🧺 Te Kete Ako

Video Activity: The Legends of Māui

Video Activity: The Legends of Māui · Years 7–10

Year LevelYears 7–10
TypeStudent handout — classroom resource

Ngā Whāinga Akoranga · Learning Intentions

  • Understand and apply key concepts from te ao Māori to learning and life
  • Engage with te reo Māori vocabulary and cultural frameworks with accuracy and respect
  • Connect Māori values and concepts to contemporary issues and personal identity
  • Recognise the significance of Māori cultural knowledge as a living, relevant system

Paearu Angitu · Success Criteria

  • I can explain at least three te ao Māori concepts accurately in my own words
  • I use te reo Māori vocabulary with correct meaning and appropriate context
  • I can connect a Māori concept to a real contemporary situation or personal experience
  • My engagement with this material demonstrates genuine curiosity and cultural respect

Video Companion · Video Activity: The Legends of Māui

Use this handout before, during, and after viewing.

Before You Watch

Brainstorm: What do you already know about Māui? Where have you heard or seen stories about him? Note down key events or qualities you associate with the character.

While Watching

Observe: (1) What powers or abilities does Māui have? (2) What challenges does he face? (3) How do other characters respond to him? (4) What values or lessons does the story communicate?

After Watching

Discuss: What makes Māui a compelling character? In what ways does he challenge traditional ideas of a "hero"? How does the story explain aspects of the natural world?

Critical Thinking Questions

1. Character and values

What qualities does Māui demonstrate across the legends? Which of his actions show positive values, and which show he is a flawed character? Why might this complexity be intentional?

2. Explaining the world

Māui legends explain phenomena like fire, the length of days, and the shape of Aotearoa. How do these explanations reflect Māori understandings of the relationship between people and the natural world?

3. Cultural significance

Why do you think these stories have been kept alive and retold across hundreds of years? What would be lost if they were forgotten?

Hononga Marautanga · Curriculum Alignment

Social Sciences — Tikanga ā-Iwi

Level 3–4: Understand how Māori cultural practices, values, and whakapapa shape identity and community; recognise the significance of te Tiriti o Waitangi and the contribution of Māori culture to Aotearoa New Zealand's national identity.

Te Reo Māori — Language and Culture

Level 3–4: Use te reo Māori to express cultural concepts, identity, and relationships with accuracy and respect; understand the significance of Māori language as a taonga and its role in sustaining mātauranga Māori.

Tuhia ōu whakaaro · Write Your Thoughts

Reflect on your learning. What was the most important idea? What question do you still have?

Aronga Mātauranga Māori

This resource engages directly with te ao Māori as its subject — the values, practices, language, and worldview that have sustained Māori communities across centuries of challenge and change. Mātauranga Māori is not a supplement to this learning: it is the source. Students approaching this material are invited to engage with it not as outside observers studying a foreign culture, but as people in relationship with a living knowledge tradition that shapes the place they live, the language they may speak, and the obligations they carry as tāngata o Aotearoa — people of this land.

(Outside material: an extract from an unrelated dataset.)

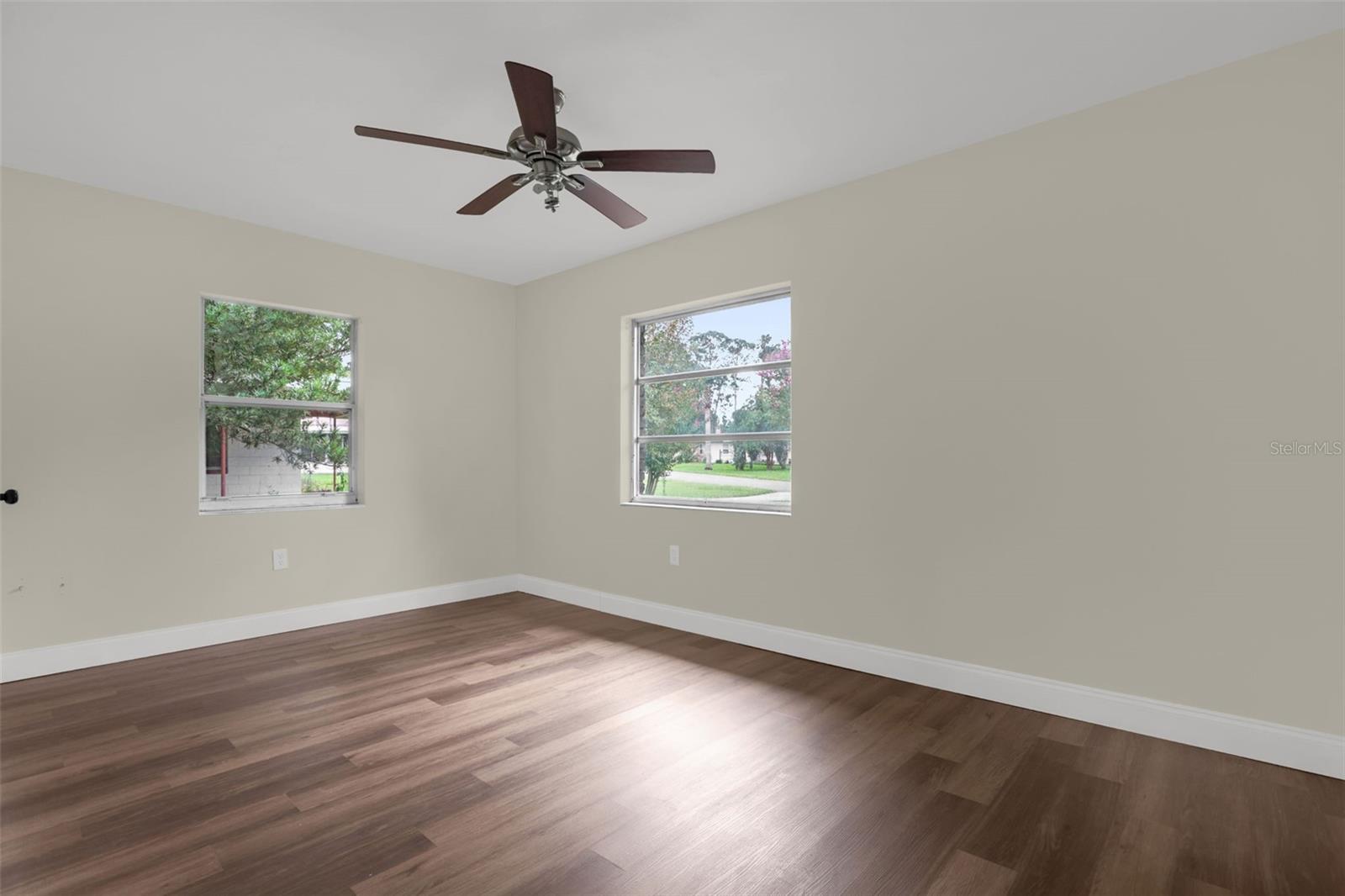 2012 HELMS AVENUE, Leesburg, FL 34748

Ngā Rauemi Tautoko · Resources already provided

  • Te ao Māori concepts glossary — key terms and their meanings
  • Whakapapa framework — for understanding relationships and connections
  • Contemporary application guide — connecting traditional concepts to modern contexts

📚 Teacher Resource Notes

📋 Teacher Planning Snapshot

Materials: This resource can be printed or used digitally. No additional materials required unless specified.

Differentiation: Provide sentence starters or word banks for students who need scaffold support. Extend capable learners by asking them to find a real-world NZ example that connects to this resource's theme. Support ELL students by pre-teaching key vocabulary before the activity.

Prior knowledge: Students should have completed the relevant lesson before using this resource, or it can serve as a standalone introduction.